◆ **What is expected**:
Check every line of the entries for the string "Vintage" and return the ones that contain it.

The input Start Marker

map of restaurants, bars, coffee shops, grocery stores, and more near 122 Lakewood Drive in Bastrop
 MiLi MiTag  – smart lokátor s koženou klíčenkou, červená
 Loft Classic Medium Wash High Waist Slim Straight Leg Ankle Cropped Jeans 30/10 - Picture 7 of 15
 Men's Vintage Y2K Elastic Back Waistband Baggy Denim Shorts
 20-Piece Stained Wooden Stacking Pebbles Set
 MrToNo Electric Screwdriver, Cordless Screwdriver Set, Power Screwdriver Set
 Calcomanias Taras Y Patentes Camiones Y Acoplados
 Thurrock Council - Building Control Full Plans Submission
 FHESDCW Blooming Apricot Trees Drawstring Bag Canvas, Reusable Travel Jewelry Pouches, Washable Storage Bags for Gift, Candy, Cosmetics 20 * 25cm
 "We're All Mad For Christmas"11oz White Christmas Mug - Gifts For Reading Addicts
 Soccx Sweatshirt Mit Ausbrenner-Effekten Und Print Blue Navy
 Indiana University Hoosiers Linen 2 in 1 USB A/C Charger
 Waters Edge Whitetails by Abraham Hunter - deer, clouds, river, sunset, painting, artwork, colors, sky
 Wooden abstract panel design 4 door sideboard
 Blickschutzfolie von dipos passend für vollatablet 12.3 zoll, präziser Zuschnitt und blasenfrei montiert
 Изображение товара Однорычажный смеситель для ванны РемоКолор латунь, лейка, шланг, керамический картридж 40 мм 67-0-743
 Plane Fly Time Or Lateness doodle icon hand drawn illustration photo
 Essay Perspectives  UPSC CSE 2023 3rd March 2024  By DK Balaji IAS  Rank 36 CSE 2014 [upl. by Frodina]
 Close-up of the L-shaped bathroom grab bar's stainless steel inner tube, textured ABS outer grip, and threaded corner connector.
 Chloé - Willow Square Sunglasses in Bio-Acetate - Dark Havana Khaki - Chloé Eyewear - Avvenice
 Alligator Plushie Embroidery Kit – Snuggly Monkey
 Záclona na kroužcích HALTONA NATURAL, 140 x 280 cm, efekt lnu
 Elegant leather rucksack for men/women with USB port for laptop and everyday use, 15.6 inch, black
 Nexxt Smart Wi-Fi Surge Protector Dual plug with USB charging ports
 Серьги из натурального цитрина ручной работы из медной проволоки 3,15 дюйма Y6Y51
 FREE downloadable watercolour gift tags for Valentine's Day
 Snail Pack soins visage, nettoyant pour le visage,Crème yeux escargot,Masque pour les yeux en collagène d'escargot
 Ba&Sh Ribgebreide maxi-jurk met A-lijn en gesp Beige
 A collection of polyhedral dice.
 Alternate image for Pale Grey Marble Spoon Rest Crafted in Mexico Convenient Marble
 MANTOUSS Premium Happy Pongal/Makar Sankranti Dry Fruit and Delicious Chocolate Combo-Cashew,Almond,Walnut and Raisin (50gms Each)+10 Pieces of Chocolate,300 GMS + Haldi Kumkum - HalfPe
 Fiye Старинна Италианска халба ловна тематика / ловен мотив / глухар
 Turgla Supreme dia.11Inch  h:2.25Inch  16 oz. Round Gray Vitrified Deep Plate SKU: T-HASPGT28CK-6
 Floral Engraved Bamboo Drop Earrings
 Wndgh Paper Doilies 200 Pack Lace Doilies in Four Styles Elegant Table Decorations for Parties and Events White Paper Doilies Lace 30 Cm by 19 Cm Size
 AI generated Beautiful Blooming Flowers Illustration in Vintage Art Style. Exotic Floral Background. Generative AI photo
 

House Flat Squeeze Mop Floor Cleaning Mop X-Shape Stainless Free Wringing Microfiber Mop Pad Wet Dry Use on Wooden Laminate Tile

The input End Marker

◆ **Output of the task**:
 Men's Vintage Y2K Elastic Back Waistband Baggy Denim Shorts
 AI generated Beautiful Blooming Flowers Illustration in Vintage Art Style. Exotic Floral Background. Generative AI photo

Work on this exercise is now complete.